There’s a common denominator in today’s workforce--nearly every worker craves professional learning and development opportunities.

Rethinking professional learning and development

There’s a common denominator in today’s workforce--nearly every worker craves learning and development opportunities

It’s important to take a look at what’s driving our country’s workforce to grow and what grants employees satisfaction in the workplace. Many employers and employees are finding themselves in a new era of working with a multigenerational workforce seeking everything from high-quality healthcare to parental leaves, which means a variety of perspectives and a variety of motives when it comes to earning a paycheck.

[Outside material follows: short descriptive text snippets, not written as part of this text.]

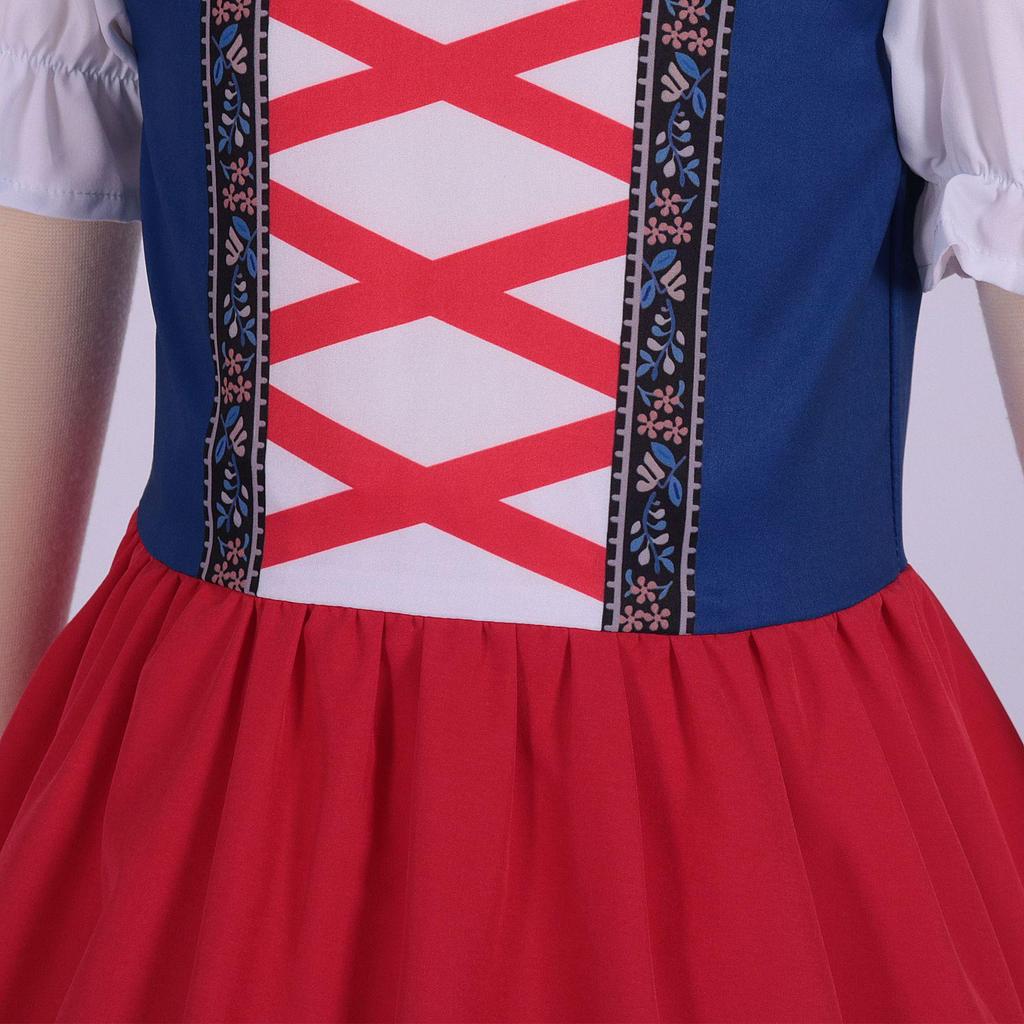 Children's Bavarian Pink Oktoberfest Costume Dress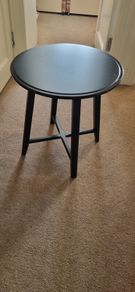 Black side table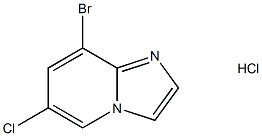 8-BROMO-6-CHLOROIMIDAZO[1,2-A]PYRIDINE, HCL,957120-39-7,结构式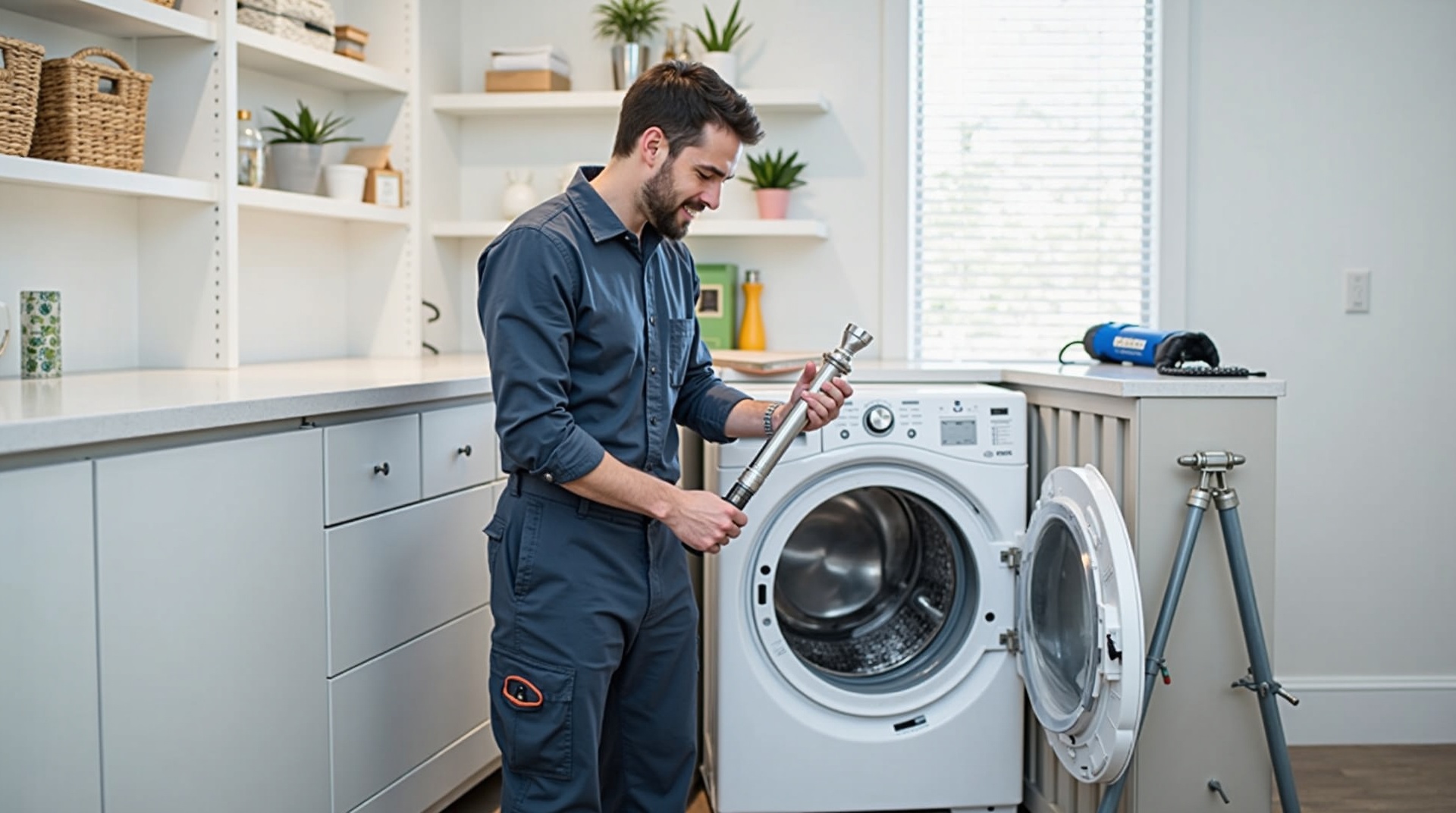 Professional dryer vent cleaning service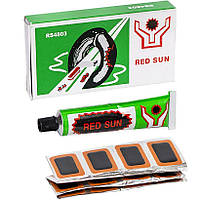 Гумові латки + клей 17х26мм 48 (штук)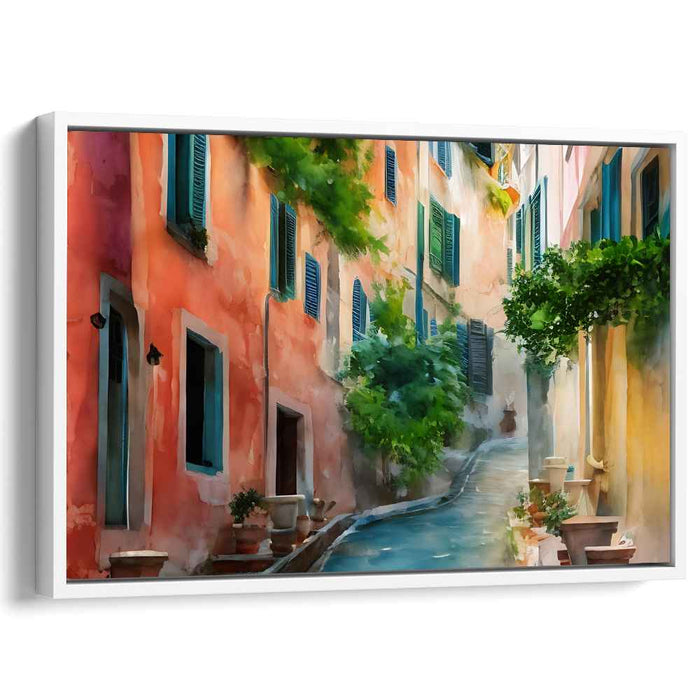 Watercolor Portofino Streets #131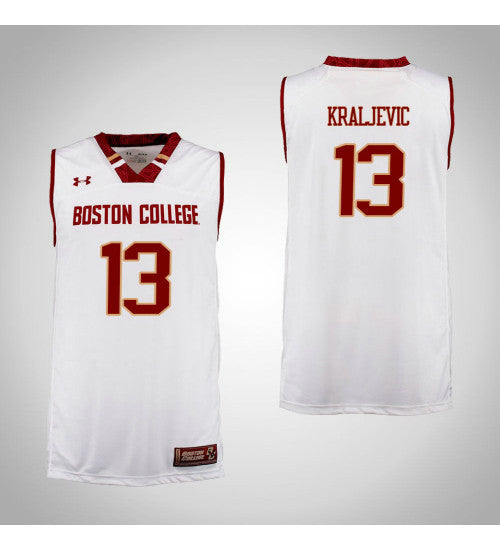 Boston College Eagles 13 Luka Kraljevic College Basketball Jersey Cardinal retro stitched fan jersey RTJ12152 image 1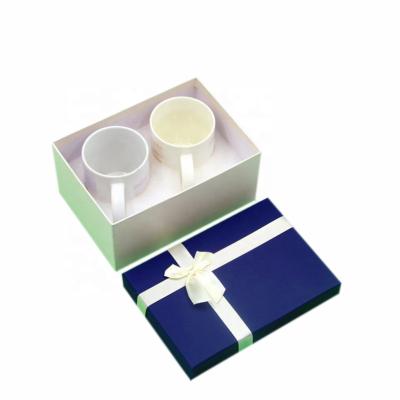 China Recycled Materials Coffee Cup Paper Gift Boxes Cup Package Packaging Boxes For Tea Cups for sale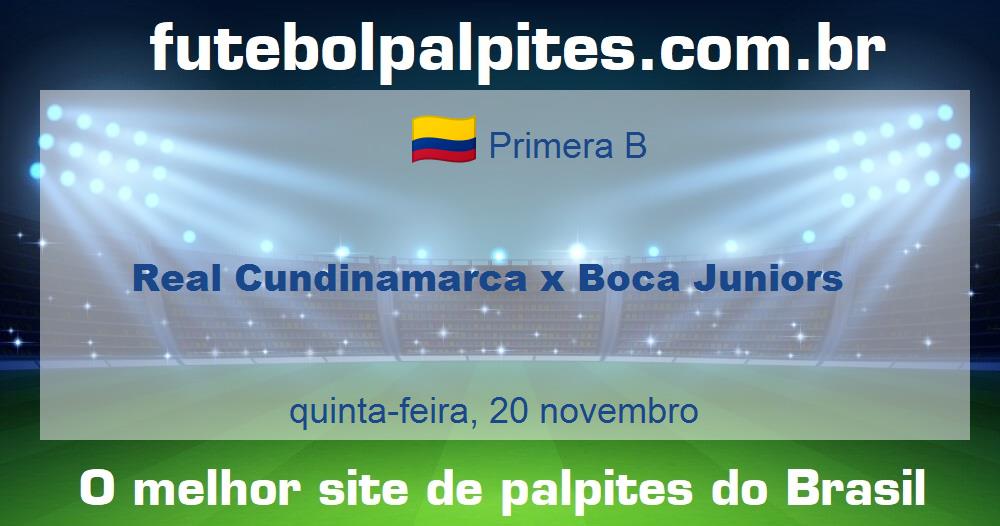 Real Cundinamarca x Boca Juniors Real Cundinamarca x Boca Juniors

There’s a common denominator for our workforce, though, and it’s that nearly every worker craves learning and development opportunities – something not all employers offer to employees. Since the pandemic, 3 in 4 Americans agree acquiring new skills leads to more job opportunities. We can think of learning and development as everything an organization does to encourage professional development to enhance workplace performance, including online learning, training programs, or any opportunity to help its employees continue their higher education while also being able to work full time.

What’s interesting to note is that while this is top of mind for employees and job seekers, employers are lagging behind when considering budgets for learning and development perks. This shows in the 2022 Job Seeker Nation Report, which reported that 54 percent of workers weren’t offered an increased number of opportunities for learning and development from their employers this past year.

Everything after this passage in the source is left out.